台湾では、1980~90年代からパンダ導入を望む声があったものの、中国-台湾の政治的対立や保育・飼育能力などを巡って慎重な態度が取られてきました。たとえば、2005年5月、中華人民共和国側がパンダ2頭を台北に贈るという提案を発表しましたが、当時の台湾の李登輝・陳水扁政権はこれを外交プロパガンダと見なして受け入れを拒否しました。輸出入許可の扱いには、中華人民共和国・台湾双方とも、「国内取引と見なす」扱いを主張したり、それを認めるような解釈を採ったりした経緯があります。

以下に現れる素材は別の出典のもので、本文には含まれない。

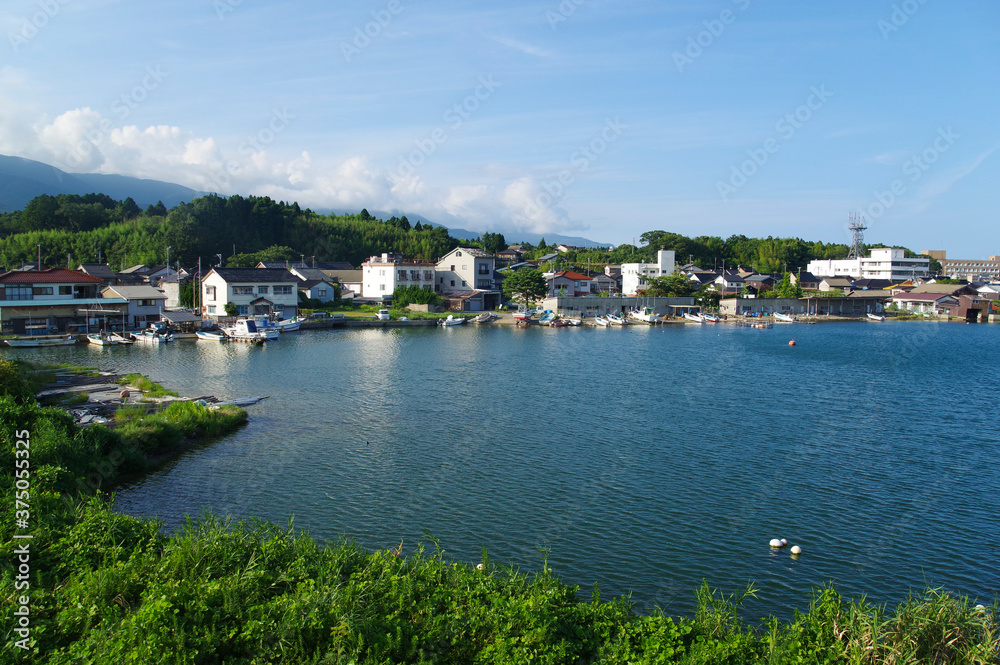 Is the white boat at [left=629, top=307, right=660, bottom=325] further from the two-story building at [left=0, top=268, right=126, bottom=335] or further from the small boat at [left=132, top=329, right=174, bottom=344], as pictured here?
the two-story building at [left=0, top=268, right=126, bottom=335]

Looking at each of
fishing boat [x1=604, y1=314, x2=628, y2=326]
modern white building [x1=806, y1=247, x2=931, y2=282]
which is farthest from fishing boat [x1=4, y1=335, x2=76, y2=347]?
modern white building [x1=806, y1=247, x2=931, y2=282]

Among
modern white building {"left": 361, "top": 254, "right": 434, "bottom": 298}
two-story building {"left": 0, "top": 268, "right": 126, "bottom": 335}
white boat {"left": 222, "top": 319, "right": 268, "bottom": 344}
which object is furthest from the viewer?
modern white building {"left": 361, "top": 254, "right": 434, "bottom": 298}

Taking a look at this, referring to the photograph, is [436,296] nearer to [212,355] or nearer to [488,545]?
[212,355]

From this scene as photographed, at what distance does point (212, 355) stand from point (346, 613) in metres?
26.3

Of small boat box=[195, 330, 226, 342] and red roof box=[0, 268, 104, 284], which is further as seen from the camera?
small boat box=[195, 330, 226, 342]

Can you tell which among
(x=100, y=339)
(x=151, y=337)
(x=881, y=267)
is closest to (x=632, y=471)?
(x=100, y=339)

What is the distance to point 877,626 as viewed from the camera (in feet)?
18.3

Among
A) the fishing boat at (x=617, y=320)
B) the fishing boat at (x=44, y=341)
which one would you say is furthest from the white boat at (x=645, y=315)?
the fishing boat at (x=44, y=341)

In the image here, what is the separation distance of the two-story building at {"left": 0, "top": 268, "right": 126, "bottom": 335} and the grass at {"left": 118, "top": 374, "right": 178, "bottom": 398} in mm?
16455

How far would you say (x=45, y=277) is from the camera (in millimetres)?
32875

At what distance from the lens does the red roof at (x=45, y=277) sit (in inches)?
1246

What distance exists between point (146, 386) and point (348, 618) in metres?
16.0

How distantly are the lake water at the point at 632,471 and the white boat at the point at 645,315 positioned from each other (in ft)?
79.8

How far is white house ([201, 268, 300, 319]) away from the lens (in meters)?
41.0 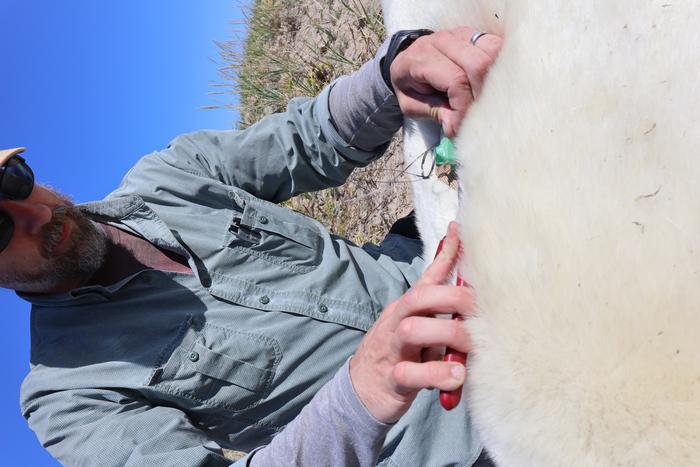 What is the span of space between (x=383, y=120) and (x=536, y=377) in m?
0.82

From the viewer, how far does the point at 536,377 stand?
1.62 ft

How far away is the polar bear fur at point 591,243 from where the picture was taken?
451 millimetres

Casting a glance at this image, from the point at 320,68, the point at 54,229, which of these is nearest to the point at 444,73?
the point at 54,229

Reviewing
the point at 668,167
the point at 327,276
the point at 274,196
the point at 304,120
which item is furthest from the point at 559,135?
the point at 274,196

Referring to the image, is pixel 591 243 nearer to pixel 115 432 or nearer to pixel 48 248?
pixel 115 432

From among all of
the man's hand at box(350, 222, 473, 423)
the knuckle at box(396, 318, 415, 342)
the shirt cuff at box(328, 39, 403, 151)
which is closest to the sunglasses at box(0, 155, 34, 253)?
the shirt cuff at box(328, 39, 403, 151)

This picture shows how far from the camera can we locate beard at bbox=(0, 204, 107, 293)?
146 cm

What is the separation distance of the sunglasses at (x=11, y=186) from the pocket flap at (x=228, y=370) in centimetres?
69

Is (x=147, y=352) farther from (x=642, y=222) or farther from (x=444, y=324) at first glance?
(x=642, y=222)

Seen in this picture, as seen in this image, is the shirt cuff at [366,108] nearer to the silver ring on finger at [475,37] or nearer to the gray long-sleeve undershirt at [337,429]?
the gray long-sleeve undershirt at [337,429]

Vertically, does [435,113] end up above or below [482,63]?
below

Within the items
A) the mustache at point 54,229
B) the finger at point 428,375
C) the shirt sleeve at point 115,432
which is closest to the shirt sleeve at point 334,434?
the finger at point 428,375

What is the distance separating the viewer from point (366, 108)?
1.22 metres

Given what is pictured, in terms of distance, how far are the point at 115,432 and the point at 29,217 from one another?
0.76 m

2008年の台湾総統選で国民党(KMT)の馬英九が当選し、中国との関係を緩和する方針を取ったことを背景に、パンダ受け入れが実現しました。同年12月23日、パンダ トゥアントゥアン(Tuan Tuan, 団団)とユアンユアン(Yuan Yuan, 円円)が台湾に到着し、台北市立動物園が展示するパンダ館を整備して受け入れました。
現在、雄のトゥアントゥアンは、2022年11月19日に脳腫瘍の疑いなどを理由に安楽死の形で亡くなり、雌のユアンユアンは存命中ですが、健康維持が課題とされています。